> **Source information**:
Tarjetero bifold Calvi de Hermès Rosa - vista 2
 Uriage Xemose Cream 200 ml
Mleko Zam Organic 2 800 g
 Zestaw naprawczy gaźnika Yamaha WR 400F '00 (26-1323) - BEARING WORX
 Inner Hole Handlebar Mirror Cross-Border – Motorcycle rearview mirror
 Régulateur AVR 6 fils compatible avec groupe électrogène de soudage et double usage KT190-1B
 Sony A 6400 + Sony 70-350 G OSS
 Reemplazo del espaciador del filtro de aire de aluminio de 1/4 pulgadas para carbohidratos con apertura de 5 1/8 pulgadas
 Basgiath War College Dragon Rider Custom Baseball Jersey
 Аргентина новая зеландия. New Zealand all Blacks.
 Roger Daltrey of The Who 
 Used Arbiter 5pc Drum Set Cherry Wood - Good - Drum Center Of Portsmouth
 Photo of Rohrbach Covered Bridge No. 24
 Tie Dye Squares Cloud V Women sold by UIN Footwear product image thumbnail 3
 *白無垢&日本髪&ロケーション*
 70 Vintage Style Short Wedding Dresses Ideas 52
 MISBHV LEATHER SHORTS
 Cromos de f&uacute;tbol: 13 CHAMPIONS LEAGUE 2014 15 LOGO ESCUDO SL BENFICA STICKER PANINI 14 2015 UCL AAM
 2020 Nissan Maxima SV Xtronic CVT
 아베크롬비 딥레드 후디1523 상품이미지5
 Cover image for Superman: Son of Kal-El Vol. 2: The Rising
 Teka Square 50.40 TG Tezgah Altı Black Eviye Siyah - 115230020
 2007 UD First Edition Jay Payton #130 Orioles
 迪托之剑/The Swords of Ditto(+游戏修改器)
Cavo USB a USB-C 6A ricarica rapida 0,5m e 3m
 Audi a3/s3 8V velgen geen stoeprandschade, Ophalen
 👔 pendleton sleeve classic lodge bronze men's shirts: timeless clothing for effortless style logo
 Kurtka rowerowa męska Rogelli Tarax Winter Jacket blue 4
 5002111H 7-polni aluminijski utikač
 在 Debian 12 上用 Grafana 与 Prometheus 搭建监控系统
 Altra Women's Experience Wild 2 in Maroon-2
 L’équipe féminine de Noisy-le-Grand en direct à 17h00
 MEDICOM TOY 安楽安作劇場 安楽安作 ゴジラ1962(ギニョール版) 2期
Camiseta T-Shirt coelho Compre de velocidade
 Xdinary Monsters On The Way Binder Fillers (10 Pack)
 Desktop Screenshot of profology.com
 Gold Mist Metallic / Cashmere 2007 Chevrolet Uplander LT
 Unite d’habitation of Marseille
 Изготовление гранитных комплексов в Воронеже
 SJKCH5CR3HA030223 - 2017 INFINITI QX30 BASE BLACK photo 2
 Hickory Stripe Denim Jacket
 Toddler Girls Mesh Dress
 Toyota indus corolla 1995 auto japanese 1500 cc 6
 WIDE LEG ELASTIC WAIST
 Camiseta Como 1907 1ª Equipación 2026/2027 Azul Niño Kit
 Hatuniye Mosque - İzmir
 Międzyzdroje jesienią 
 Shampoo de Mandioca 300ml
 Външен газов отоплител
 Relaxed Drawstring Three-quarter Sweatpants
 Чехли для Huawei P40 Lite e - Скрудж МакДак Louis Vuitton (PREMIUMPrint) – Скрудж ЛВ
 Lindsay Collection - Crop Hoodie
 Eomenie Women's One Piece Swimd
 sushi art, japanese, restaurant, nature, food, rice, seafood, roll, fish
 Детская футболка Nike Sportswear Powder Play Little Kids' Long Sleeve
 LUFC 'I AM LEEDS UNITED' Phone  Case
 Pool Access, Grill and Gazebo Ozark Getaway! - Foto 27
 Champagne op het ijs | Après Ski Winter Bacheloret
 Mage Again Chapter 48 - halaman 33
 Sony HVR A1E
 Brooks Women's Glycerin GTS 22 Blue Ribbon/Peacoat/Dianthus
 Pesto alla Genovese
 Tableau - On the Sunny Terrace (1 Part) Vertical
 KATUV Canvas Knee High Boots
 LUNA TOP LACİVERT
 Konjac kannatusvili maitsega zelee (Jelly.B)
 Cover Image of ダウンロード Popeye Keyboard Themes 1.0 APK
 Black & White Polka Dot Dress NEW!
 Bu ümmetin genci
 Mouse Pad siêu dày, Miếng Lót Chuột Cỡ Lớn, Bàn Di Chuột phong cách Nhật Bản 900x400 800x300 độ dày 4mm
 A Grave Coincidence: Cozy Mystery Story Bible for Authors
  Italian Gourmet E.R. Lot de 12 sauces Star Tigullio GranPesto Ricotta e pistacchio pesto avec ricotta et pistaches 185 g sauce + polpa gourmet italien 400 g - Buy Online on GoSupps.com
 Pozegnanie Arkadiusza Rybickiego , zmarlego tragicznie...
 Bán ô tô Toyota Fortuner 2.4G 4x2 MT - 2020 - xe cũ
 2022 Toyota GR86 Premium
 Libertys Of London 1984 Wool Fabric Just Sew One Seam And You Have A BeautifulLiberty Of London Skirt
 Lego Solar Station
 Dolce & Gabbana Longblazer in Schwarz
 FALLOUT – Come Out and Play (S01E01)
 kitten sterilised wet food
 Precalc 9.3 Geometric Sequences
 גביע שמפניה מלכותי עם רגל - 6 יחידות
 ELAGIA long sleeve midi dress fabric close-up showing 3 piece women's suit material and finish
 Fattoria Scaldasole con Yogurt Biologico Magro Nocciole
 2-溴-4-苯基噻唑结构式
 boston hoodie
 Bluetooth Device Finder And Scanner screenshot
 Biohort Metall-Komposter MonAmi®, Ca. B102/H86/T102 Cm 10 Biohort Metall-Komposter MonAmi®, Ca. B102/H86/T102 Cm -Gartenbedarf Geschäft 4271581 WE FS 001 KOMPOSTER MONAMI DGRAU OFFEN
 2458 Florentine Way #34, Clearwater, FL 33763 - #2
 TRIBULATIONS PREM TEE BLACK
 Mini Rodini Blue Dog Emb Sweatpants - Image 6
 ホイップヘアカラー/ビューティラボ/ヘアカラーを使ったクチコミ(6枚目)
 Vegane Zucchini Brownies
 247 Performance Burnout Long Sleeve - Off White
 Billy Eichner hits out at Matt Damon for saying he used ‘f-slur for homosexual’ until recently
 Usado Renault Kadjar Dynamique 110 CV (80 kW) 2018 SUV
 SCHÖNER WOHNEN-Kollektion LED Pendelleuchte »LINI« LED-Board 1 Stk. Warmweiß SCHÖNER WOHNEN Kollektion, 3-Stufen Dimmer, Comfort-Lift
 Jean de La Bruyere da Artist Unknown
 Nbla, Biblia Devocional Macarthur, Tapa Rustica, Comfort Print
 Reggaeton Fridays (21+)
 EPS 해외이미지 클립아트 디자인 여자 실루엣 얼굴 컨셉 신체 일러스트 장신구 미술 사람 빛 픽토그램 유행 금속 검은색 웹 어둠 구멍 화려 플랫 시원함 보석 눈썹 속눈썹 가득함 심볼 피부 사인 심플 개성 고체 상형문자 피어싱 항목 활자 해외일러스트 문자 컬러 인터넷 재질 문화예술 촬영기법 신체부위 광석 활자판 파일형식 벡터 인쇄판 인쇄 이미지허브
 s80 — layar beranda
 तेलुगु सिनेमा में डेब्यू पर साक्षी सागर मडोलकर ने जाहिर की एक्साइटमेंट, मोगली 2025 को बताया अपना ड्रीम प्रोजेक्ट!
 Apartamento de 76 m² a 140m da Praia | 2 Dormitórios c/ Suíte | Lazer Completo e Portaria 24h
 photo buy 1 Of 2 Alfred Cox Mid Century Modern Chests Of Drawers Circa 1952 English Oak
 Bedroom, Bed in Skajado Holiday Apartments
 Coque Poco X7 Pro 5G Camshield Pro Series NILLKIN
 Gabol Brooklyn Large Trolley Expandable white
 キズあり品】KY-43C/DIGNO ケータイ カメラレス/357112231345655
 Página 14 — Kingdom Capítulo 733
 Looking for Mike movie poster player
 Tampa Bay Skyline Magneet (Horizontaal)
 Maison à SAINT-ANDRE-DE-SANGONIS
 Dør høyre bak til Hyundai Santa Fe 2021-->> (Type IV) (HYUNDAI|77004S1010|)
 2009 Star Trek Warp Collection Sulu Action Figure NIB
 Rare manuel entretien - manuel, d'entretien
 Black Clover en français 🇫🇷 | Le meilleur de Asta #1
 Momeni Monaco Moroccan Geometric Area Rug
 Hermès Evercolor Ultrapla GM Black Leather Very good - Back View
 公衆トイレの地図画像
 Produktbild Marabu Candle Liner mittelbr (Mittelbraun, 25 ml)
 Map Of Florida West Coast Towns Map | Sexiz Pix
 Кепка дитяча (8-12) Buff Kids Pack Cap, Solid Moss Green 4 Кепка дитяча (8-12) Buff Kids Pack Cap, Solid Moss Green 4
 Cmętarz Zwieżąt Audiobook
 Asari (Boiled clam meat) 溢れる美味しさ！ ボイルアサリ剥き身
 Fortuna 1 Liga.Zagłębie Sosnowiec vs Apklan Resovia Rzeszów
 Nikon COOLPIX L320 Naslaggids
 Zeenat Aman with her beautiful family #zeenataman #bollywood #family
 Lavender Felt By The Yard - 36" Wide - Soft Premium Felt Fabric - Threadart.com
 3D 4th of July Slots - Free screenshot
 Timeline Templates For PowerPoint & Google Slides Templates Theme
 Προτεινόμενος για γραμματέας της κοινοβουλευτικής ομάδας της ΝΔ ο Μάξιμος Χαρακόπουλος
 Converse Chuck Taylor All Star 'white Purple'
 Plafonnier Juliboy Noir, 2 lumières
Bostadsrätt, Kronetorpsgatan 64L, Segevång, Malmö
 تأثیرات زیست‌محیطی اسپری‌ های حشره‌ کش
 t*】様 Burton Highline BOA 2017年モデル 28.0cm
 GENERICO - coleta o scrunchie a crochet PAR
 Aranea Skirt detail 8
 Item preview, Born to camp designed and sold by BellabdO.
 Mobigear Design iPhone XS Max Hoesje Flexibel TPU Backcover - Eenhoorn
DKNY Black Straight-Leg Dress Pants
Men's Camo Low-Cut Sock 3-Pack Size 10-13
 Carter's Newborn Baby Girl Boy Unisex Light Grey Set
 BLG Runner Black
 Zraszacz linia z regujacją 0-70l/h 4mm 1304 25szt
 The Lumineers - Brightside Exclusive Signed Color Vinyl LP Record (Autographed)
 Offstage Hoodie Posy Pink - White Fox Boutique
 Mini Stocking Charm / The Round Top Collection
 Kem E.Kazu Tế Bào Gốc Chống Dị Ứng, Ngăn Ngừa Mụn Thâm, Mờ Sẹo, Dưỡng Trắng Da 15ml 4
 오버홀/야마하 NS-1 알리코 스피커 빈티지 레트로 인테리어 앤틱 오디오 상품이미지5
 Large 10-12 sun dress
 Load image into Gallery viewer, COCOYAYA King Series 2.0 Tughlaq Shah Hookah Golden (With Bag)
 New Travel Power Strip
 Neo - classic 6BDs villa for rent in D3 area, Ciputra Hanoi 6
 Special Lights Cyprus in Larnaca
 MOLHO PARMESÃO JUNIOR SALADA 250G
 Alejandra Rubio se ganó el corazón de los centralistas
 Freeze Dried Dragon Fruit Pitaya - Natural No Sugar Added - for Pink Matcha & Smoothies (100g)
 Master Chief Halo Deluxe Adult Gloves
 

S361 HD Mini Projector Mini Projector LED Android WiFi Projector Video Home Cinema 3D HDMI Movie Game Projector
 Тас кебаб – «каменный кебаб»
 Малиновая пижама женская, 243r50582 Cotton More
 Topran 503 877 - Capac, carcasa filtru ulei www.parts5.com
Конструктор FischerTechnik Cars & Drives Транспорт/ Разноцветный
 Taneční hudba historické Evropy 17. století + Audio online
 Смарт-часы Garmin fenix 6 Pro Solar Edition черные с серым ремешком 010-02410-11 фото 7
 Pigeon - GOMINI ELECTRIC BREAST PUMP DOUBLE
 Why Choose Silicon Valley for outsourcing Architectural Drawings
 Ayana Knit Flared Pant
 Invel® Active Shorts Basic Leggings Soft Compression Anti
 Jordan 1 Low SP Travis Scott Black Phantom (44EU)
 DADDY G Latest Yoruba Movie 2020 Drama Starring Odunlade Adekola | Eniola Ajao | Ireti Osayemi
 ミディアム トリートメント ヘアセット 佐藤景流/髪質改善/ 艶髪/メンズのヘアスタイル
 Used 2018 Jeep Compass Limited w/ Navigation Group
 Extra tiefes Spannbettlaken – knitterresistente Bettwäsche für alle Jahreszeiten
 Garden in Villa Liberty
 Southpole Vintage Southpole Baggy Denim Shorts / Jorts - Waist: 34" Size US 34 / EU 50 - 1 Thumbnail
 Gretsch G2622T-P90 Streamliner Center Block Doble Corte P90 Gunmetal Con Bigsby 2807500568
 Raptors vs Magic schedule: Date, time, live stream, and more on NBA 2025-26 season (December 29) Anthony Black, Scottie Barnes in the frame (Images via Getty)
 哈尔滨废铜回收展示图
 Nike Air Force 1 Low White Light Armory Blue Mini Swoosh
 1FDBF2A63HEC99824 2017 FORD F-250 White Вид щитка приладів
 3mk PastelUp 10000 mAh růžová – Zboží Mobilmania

> **Exercise requirements**: Above are the entries. Quote exactly the lines from the one bearing "Тас кебаб –" through the one bearing "DADDY G Latest".

> **Exercise response**:
 Тас кебаб – «каменный кебаб»
 Малиновая пижама женская, 243r50582 Cotton More
 Topran 503 877 - Capac, carcasa filtru ulei www.parts5.com
Конструктор FischerTechnik Cars & Drives Транспорт/ Разноцветный
 Taneční hudba historické Evropy 17. století + Audio online
 Смарт-часы Garmin fenix 6 Pro Solar Edition черные с серым ремешком 010-02410-11 фото 7
 Pigeon - GOMINI ELECTRIC BREAST PUMP DOUBLE
 Why Choose Silicon Valley for outsourcing Architectural Drawings
 Ayana Knit Flared Pant
 Invel® Active Shorts Basic Leggings Soft Compression Anti
 Jordan 1 Low SP Travis Scott Black Phantom (44EU)
 DADDY G Latest Yoruba Movie 2020 Drama Starring Odunlade Adekola | Eniola Ajao | Ireti Osayemi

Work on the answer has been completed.